Случилось нечто всколыхнувшее всех, начиная с самого государя. Подпоручик артиллерии, Лев Толстой, своими рассказами с жуткой, голой правдивостью и художественной своей силой, перенес людей, спокойно сидевших в своих гостиных, на поля сражения… Толстой заставлял их думать, содрогаться, плакать…
А сам подпоручик Толстой играл в карты, сам с собой придумывал системы игры, мечтал отыграться, и одновременно с этим в мозгу его рождались и отпечатывались картины, рисовались новые образы. Он задумывался над положением крестьянства. «Мне нужно собирать деньги, I) чтоб заплатить долги, 2) чтоб выкупить имение и иметь возможность отпустить на волю крестьян», — писал он в дневнике от 8 июля. «Роман русского помещика», мысль которого заключается в возможности продолжения рабства крестьян, занимал его все больше и больше.
27 июля военный совет постановил дать решительное сражение неприятелю при Черной речке.
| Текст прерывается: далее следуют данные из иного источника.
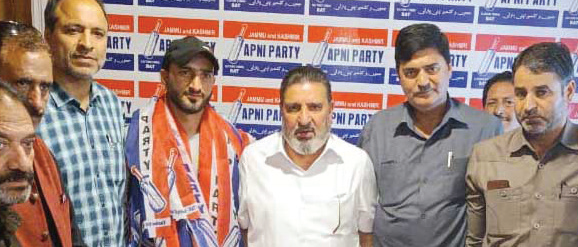 The Party President Syed Muhammad Altaf Bukhari greeted the entrants.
Вследствие ли неорганизованности и безответственности командного состава, или численности врагов — атака русских была отбита, и русские понесли громадные потери. Толстой не участвовал в самом сражении, но неудача эта глубоко потрясла его.
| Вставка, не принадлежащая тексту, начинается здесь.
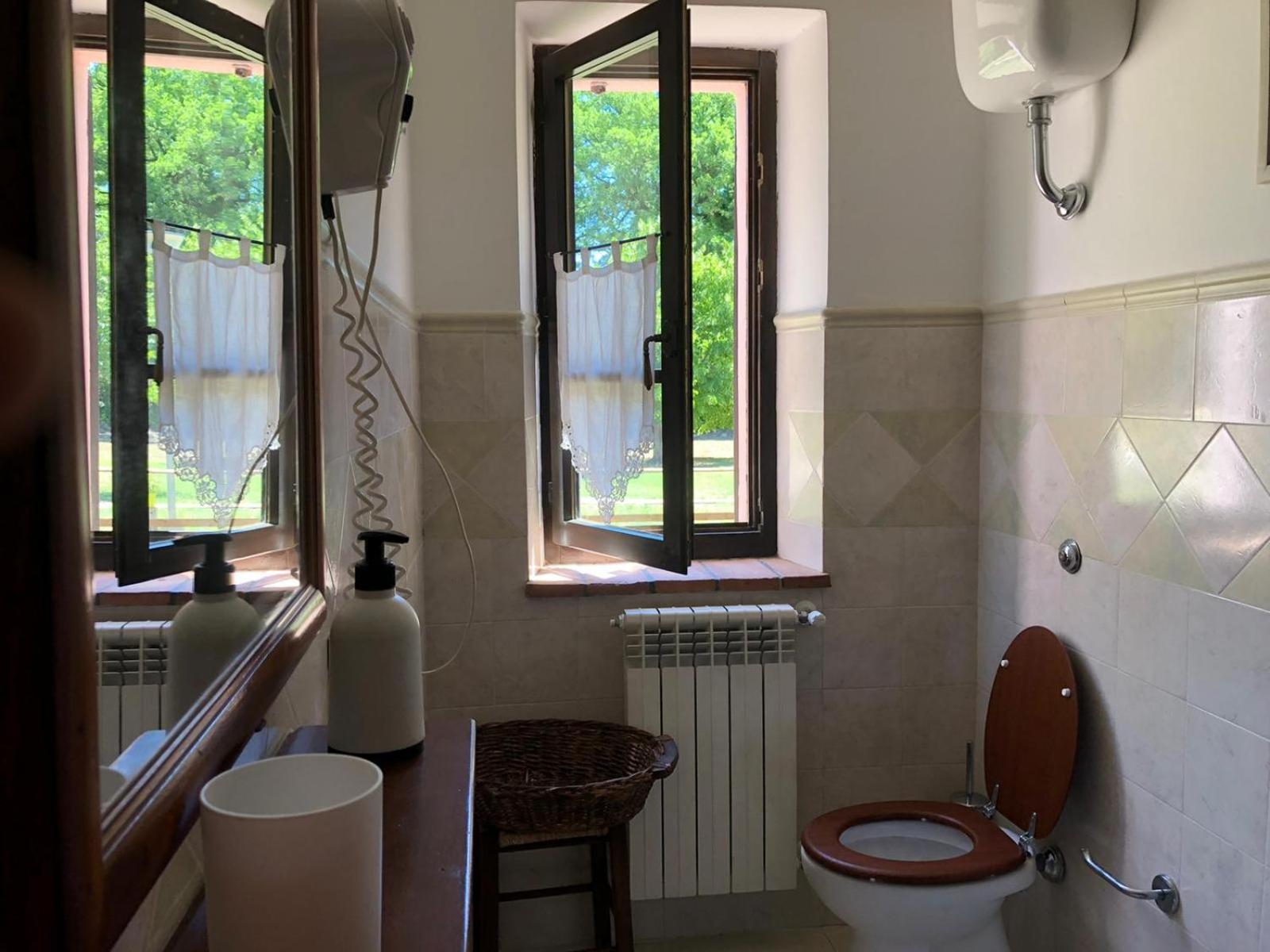 Villa Magda Todi Bagian luar foto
Дело обсуждалось офицерами, критиковали действия отдельных генералов и в результате, не без участия острого сатирического юмора Толстого, составилась песня. Толстой, к великому восторгу офицеров, читал стихи, офицеры немедленно переложили их на песню… песня распространилась с быстротой молнии в войсках[24].
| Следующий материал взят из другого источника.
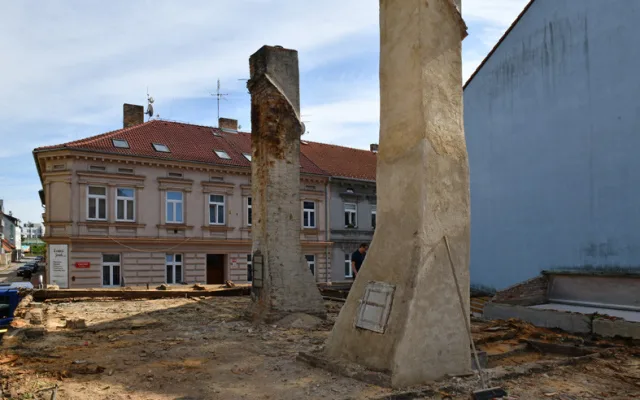 České Budějovice objektivem Milana Bindera a perem Martina Maršíka: Můžu rozbít okno?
Издеваться над генералами было в то время большой дерзостью и военная карьера Толстого от этого не выиграла.
В августе русские войска, после 11‑месячной геройской защиты, сдали Севастополь. Войскам приказано было отступать. На Малаховом кургане уже развевалось французское знамя.
«По всей линии севастопольских бастионов, столько месяцев кипевших необыкновенной энергической жизнью, столько месяцев видевших сменяемых смертью, одних за другим умирающих героев, и столько месяцев возбуждавших страх, ненависть и, наконец, восхищение врагов, — на севастопольских бастионах уже нигде никого не было. Все было мертво, дико, ужасно, — но не тихо: все еще разрушалось. По изрытой свежими взрывами обсыпавшейся земле везде валялись исковерканные лафеты, придавившие человеческие русские и вражеские трупы, тяжелые, замолкнувшие навсегда чугунные пушки, страшной силой сброшенные в ямы и до половины засыпанные землей, бомбы, ядра… опять молчаливые трупы в серых и синих шинелях. Все это часто содрогалось еще и освещалось багровым пламенем взрывов, продолжавших потрясать воздух.
Враги видели, что что–то непонятное творилось в грозном Севастополе. Взрывы эти и мертвое молчание на бастионах заставляли их содрогаться; но они не смели верить еще под влиянием сильного, спокойного отпора дня, чтоб исчез их непоколебимый враг, и, молча, не шевелясь, с трепетом, ожидали конца мрачной ночи.